-- WORK REQUIRED --
The listing below holds pictures; exclude them. Return exactly the lines from the one with "The Deluxe do" through the one with "Three toy figurine penguins".

-- EXERCISE DATA --

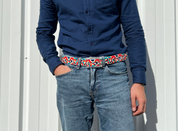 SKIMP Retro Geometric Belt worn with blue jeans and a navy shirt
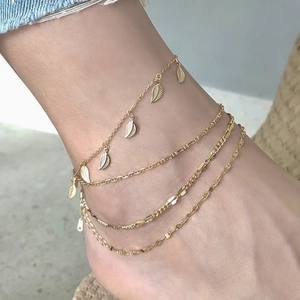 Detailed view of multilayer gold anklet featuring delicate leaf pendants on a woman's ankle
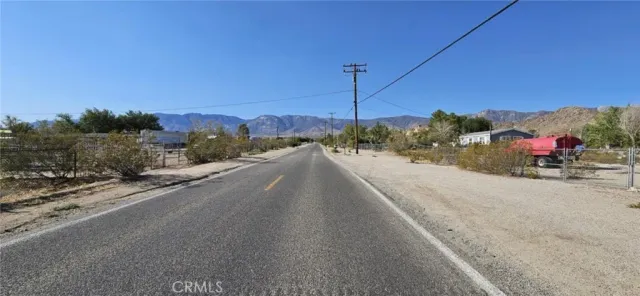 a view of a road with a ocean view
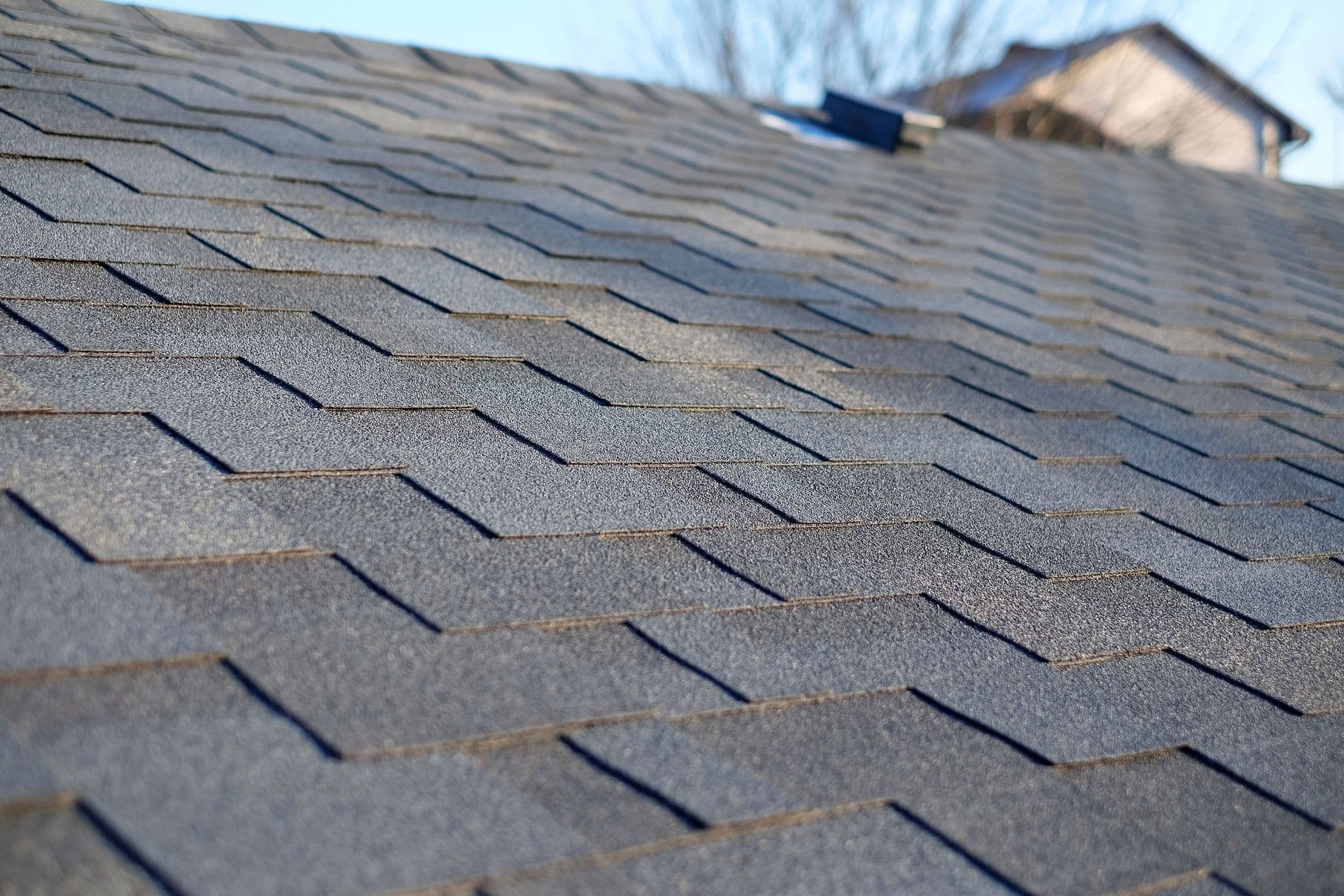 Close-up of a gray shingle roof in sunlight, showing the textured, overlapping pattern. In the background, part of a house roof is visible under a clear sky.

==

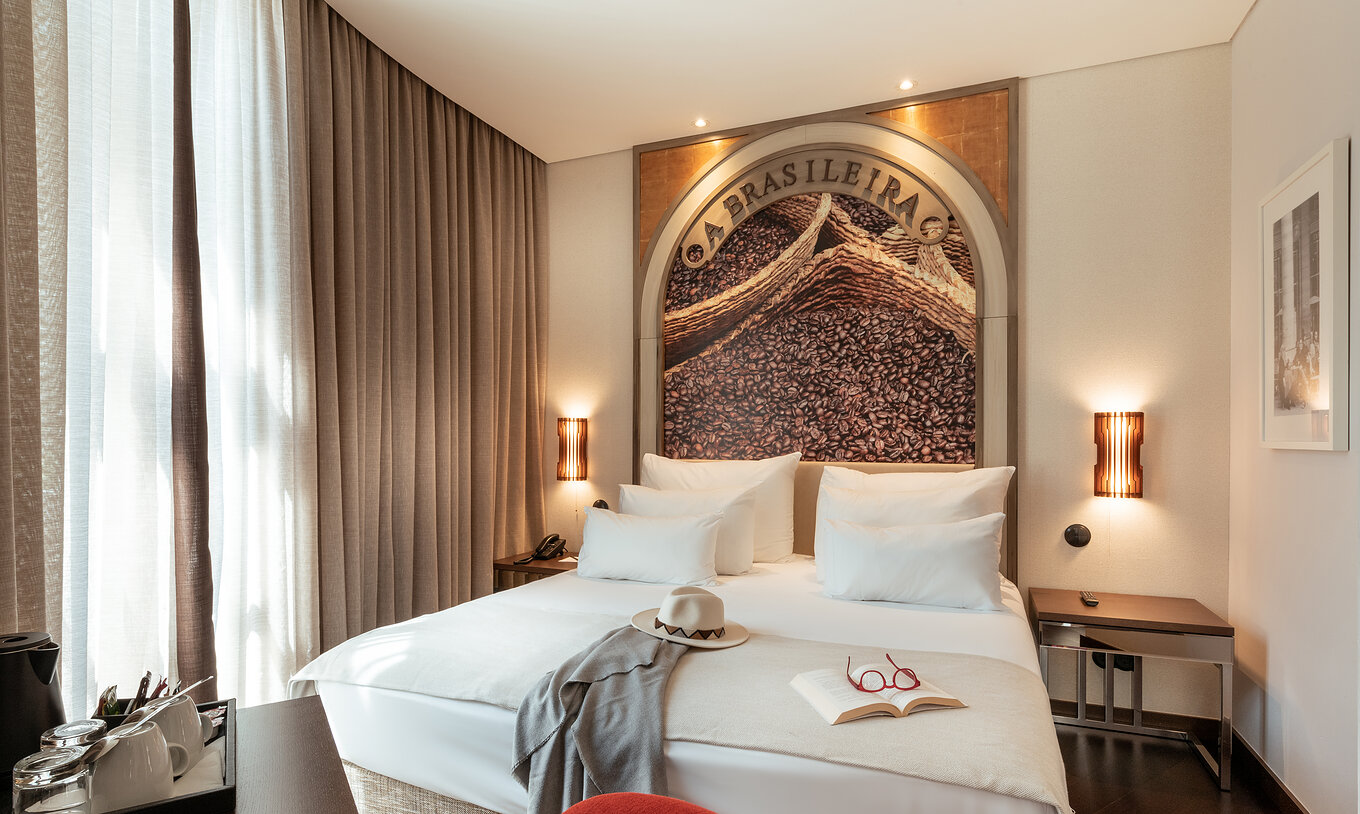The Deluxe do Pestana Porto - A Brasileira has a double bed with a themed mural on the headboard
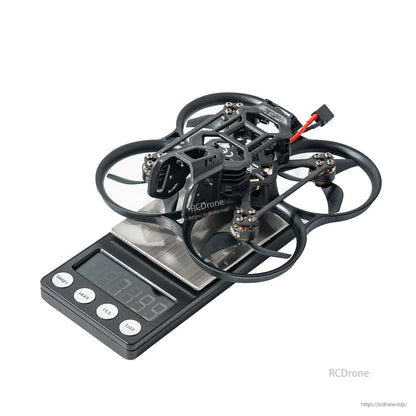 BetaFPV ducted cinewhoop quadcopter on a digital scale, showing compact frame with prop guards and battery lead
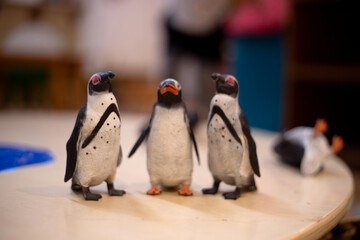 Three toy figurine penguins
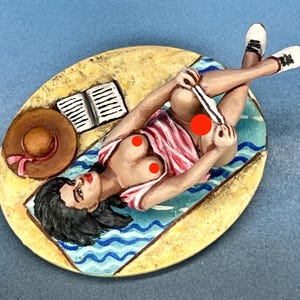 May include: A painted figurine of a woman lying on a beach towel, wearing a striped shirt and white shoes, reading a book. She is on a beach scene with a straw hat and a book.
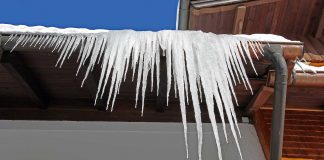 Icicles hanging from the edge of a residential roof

-- EXERCISE RESULT --
The Deluxe do Pestana Porto - A Brasileira has a double bed with a themed mural on the headboard
 BetaFPV ducted cinewhoop quadcopter on a digital scale, showing compact frame with prop guards and battery lead
 Three toy figurine penguins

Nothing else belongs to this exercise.